→ **What the task requires**
Please give back each line below unchanged; none of the pictures should appear.

→ **Given data**
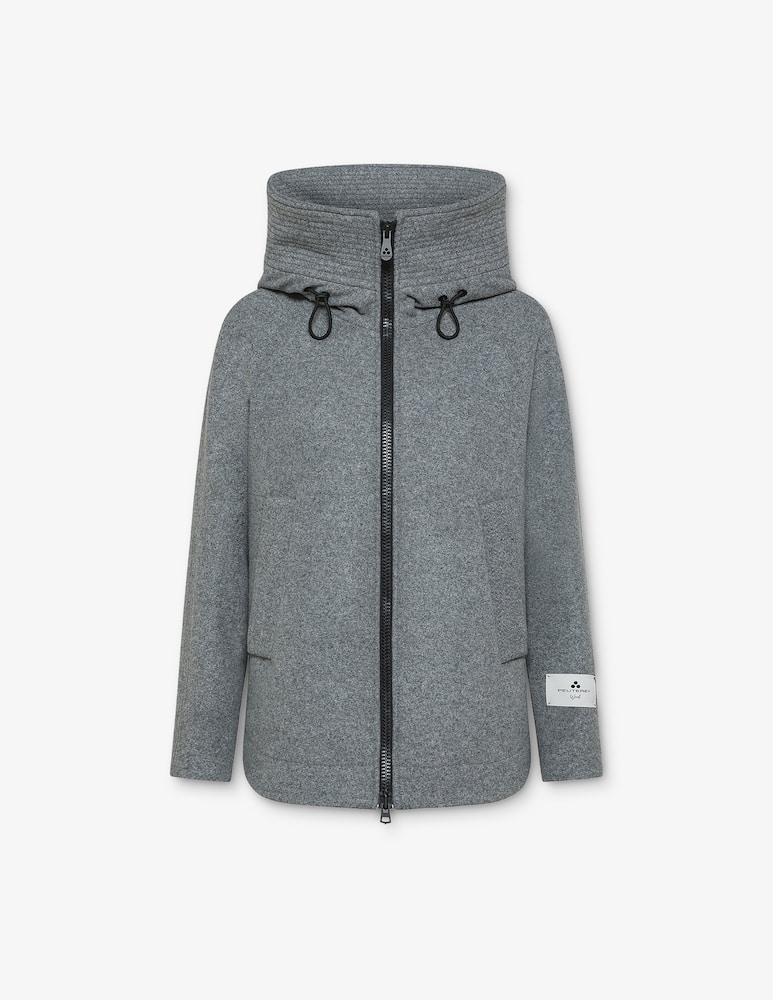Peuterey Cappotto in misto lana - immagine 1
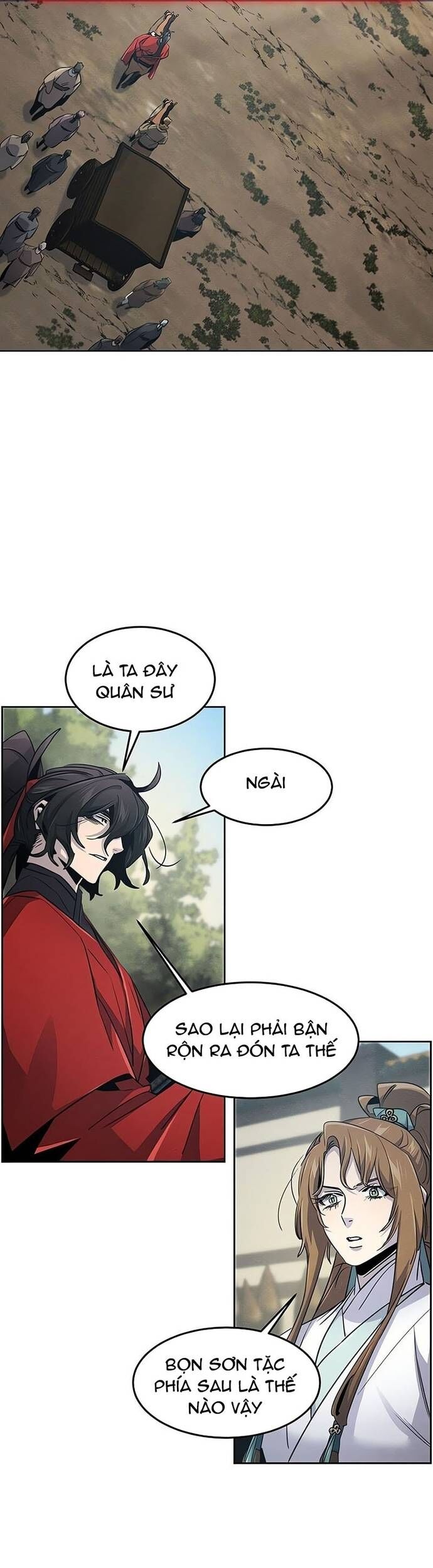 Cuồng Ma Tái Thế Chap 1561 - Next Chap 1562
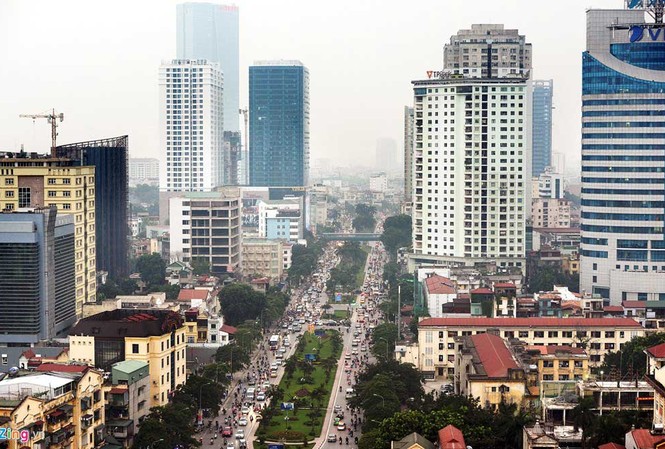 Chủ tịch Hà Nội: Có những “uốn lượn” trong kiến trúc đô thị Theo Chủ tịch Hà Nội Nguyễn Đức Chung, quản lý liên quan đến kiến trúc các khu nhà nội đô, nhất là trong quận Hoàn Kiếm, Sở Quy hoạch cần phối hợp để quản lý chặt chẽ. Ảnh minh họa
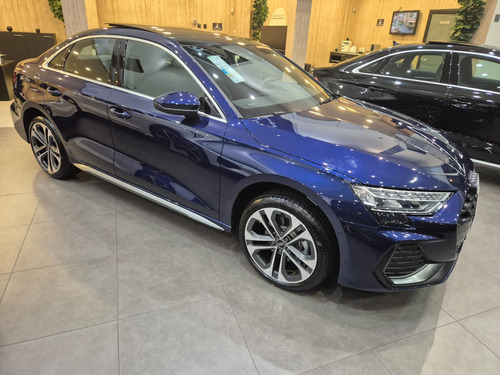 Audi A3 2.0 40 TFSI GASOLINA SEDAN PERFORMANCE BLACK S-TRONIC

→ **Reply to the exercise**
Peuterey Cappotto in misto lana - immagine 1
 Cuồng Ma Tái Thế Chap 1561 - Next Chap 1562
 Chủ tịch Hà Nội: Có những “uốn lượn” trong kiến trúc đô thị Theo Chủ tịch Hà Nội Nguyễn Đức Chung, quản lý liên quan đến kiến trúc các khu nhà nội đô, nhất là trong quận Hoàn Kiếm, Sở Quy hoạch cần phối hợp để quản lý chặt chẽ. Ảnh minh họa
 Audi A3 2.0 40 TFSI GASOLINA SEDAN PERFORMANCE BLACK S-TRONIC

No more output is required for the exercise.